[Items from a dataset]
....

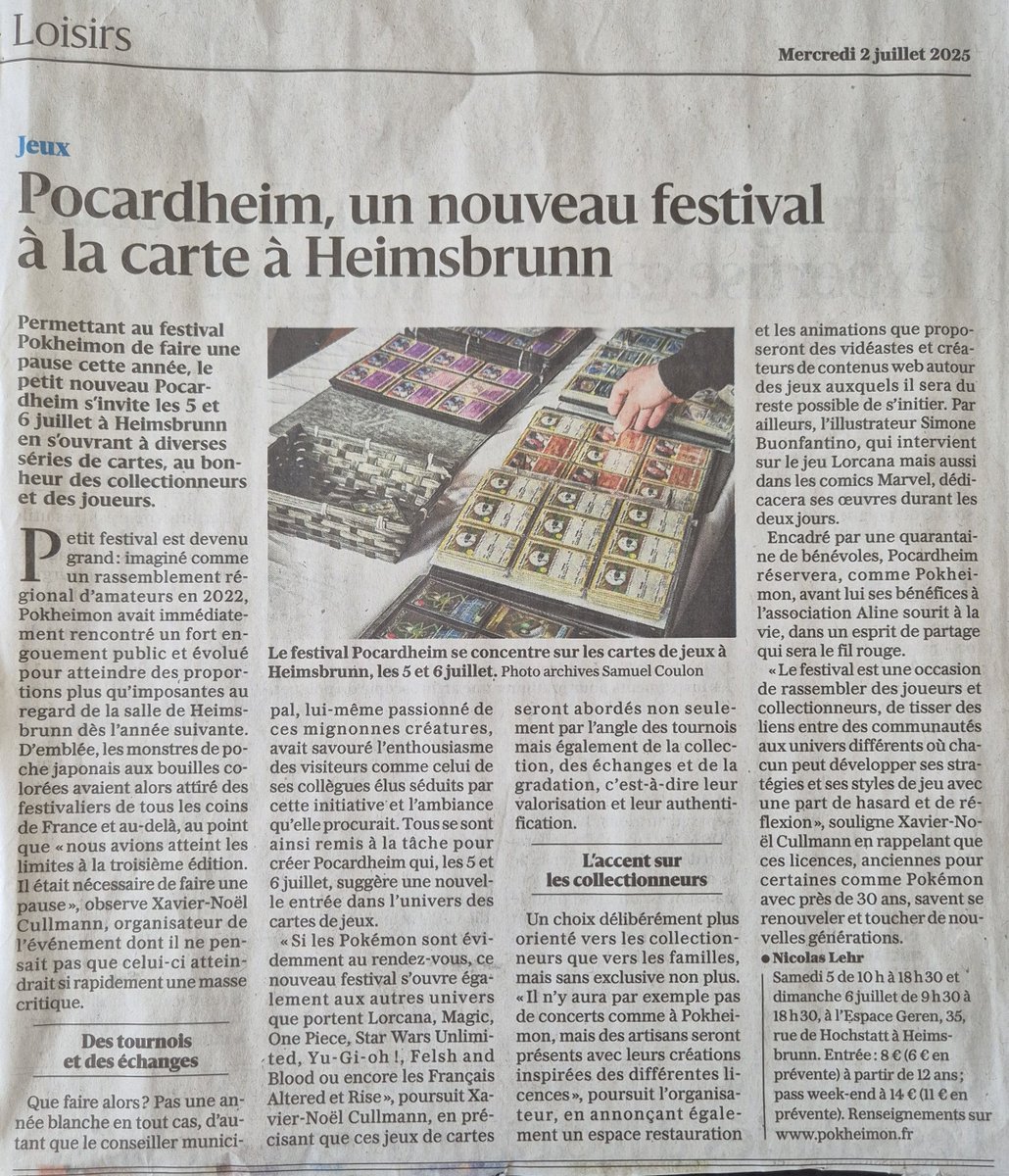 🗞️On parle du Festival Pocardheim dans le Journal L'Alsace

Un grand merci à Nicolas Lehr pour sa plume 🪶

📰 Article à découvrir aussi sur le site : lalsace.fr/culture-loisir…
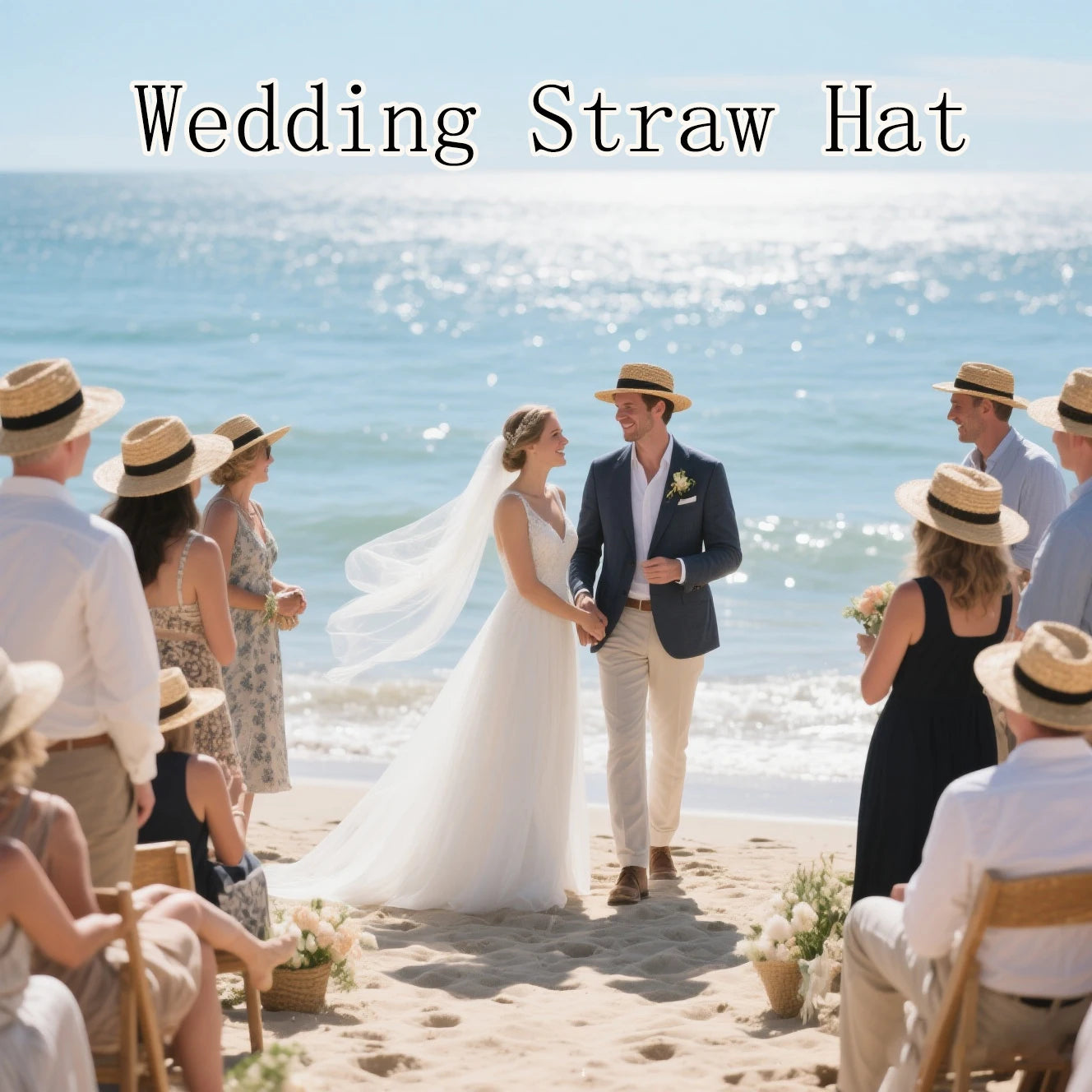 6-48PCS Straw Hat for Wedding 1920s Party Sombrero Straw Fedora Hats Panama Sun Summer Hat Beach Wedding Favors Men Women Trilby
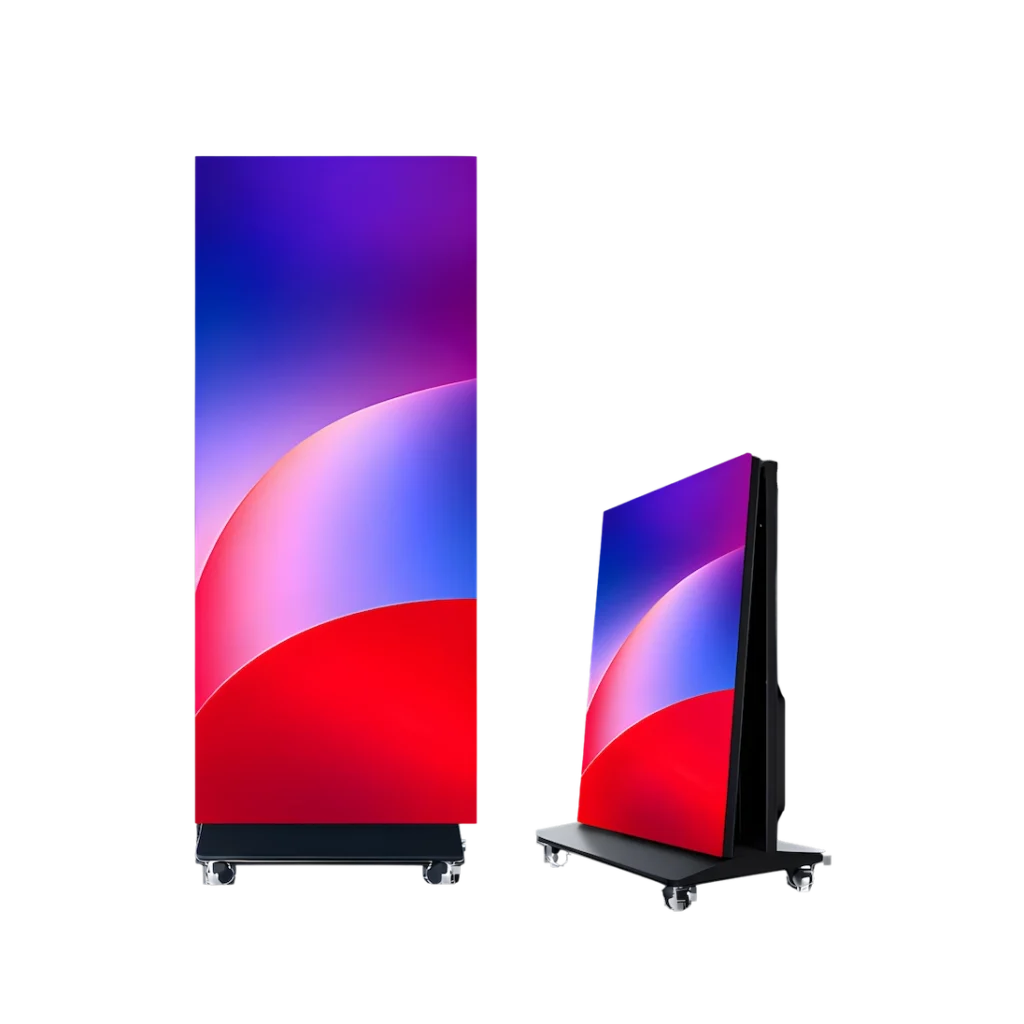 Foldable poster screen shown from two different angles, showcasing various colors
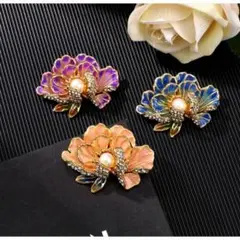 ブローチ花ピンクキラキラ大お洒落セレモニー大人可愛い中華上品豪華華やかコサージュ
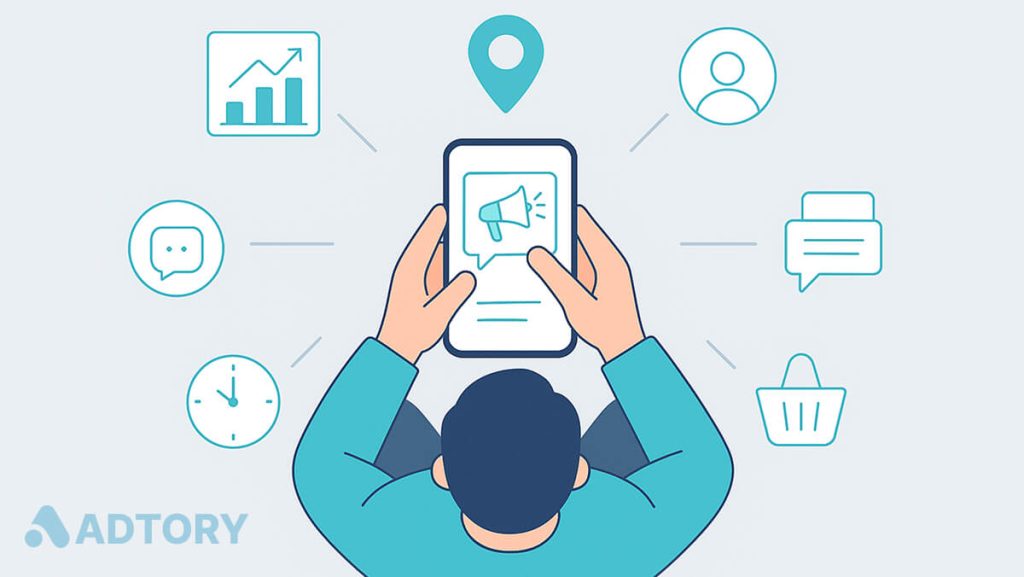 کاربر در حال مشاهده تبلیغات درون‌اپلیکیشنی هوشمند با داده‌های رفتاری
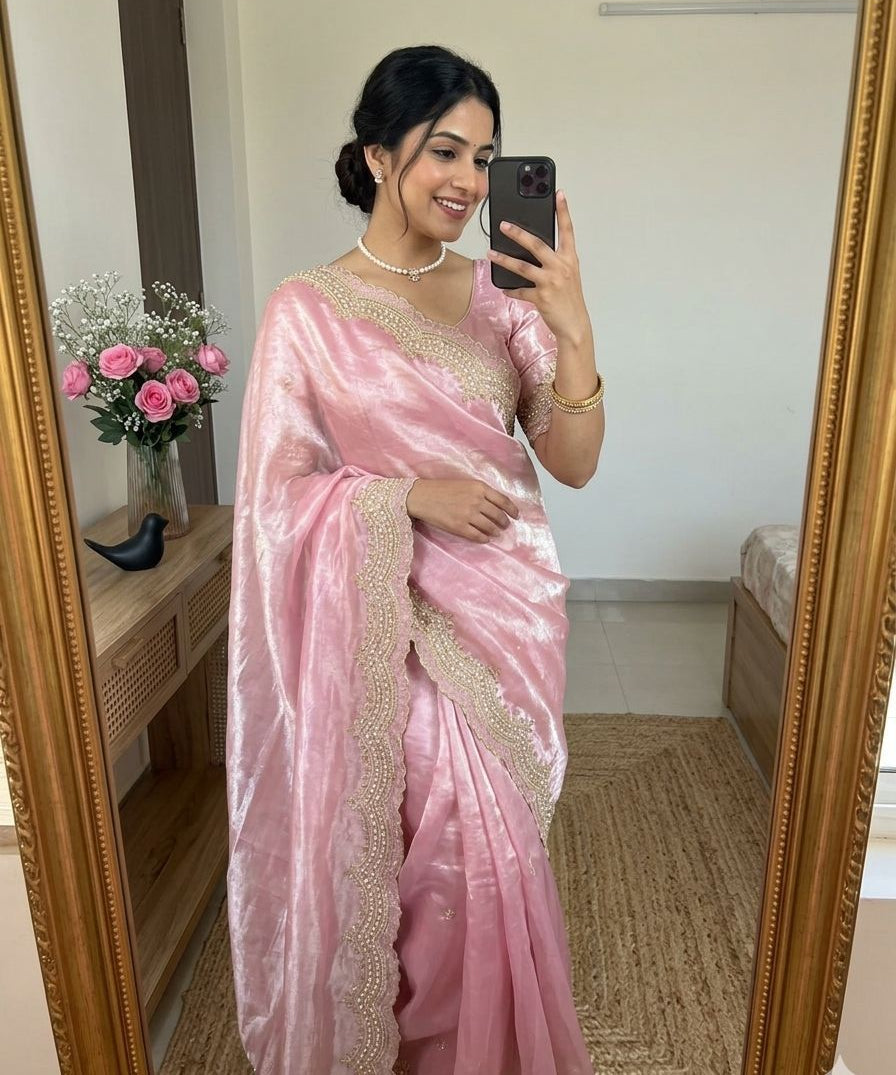 Elevate Ethnic Fendy Satin Silk Saree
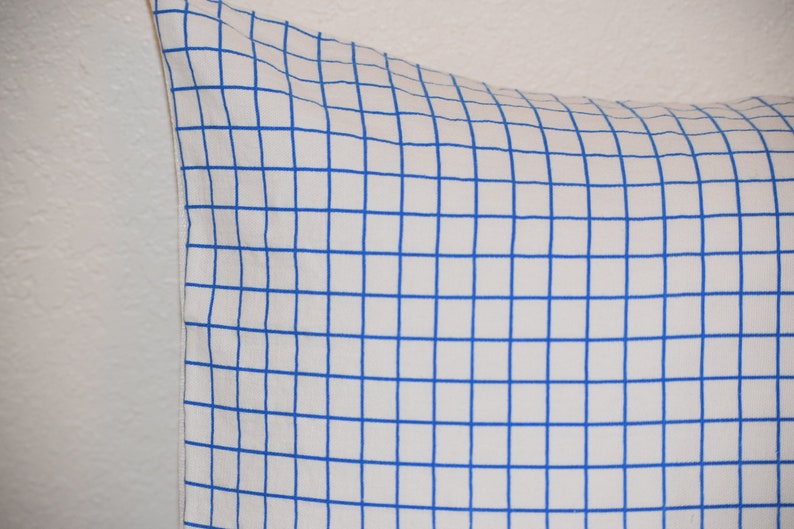 Simple Vintage Blue and White Grid Pattern Pillow / Blue and Etsy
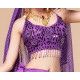 Top pailleté de danse orientale violet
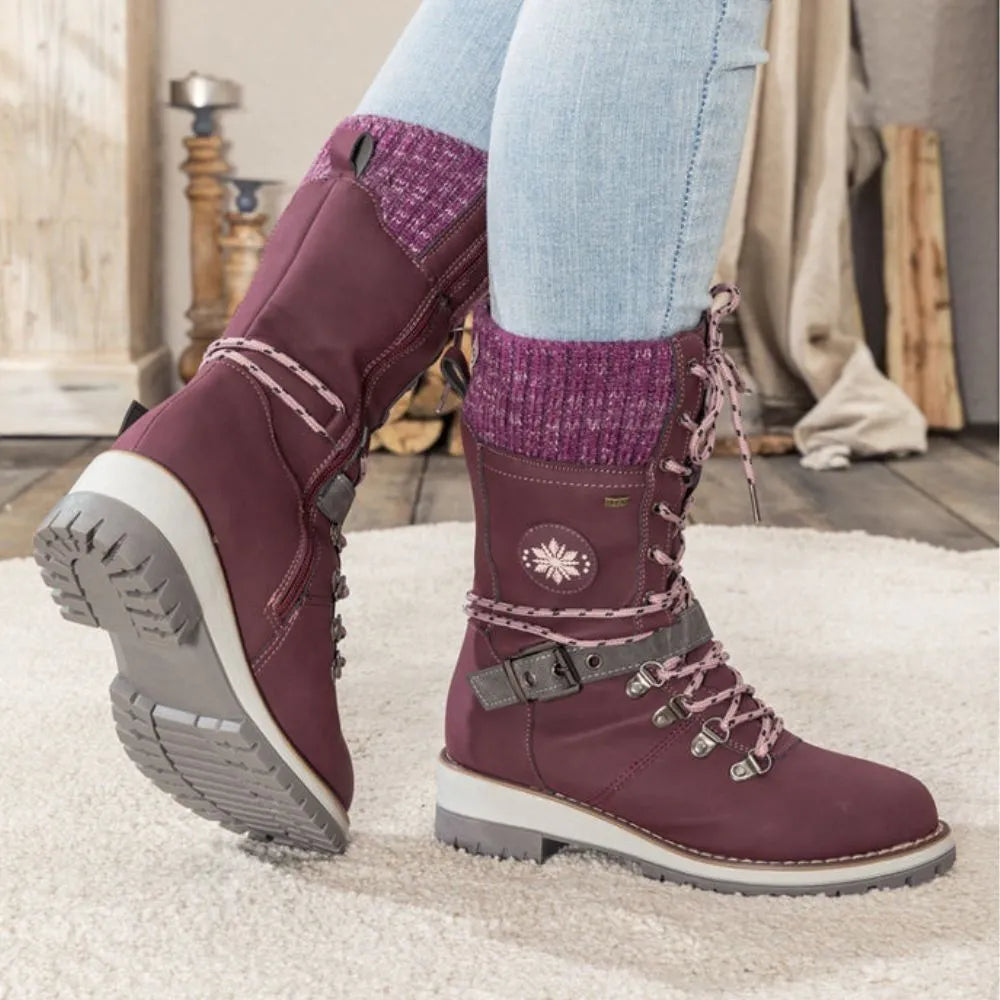 Botas de inverno com forro antiderrapante e quente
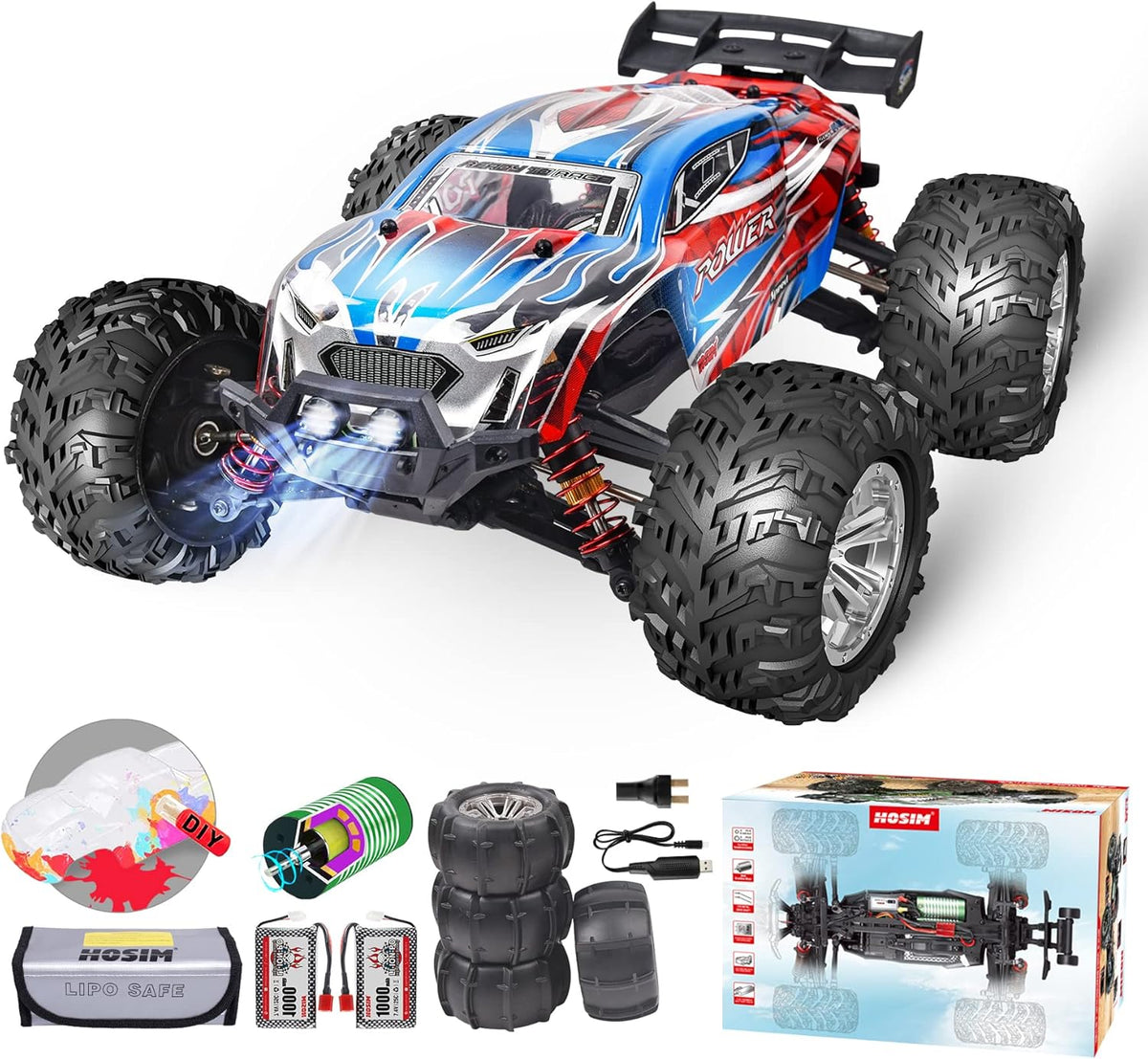 Brushless RC Car 4x4 Off Road Monster Truck Waterproof Hobby Vehicle with 2 Batteries R3020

....

# What this task involves
Could you repeat exactly the lines from the one containing "Top pailleté de danse orientale violet" to the last line of the records, both included, and leave out every picture?

# Task answer
 Top pailleté de danse orientale violet
 Botas de inverno com forro antiderrapante e quente
 Brushless RC Car 4x4 Off Road Monster Truck Waterproof Hobby Vehicle with 2 Batteries R3020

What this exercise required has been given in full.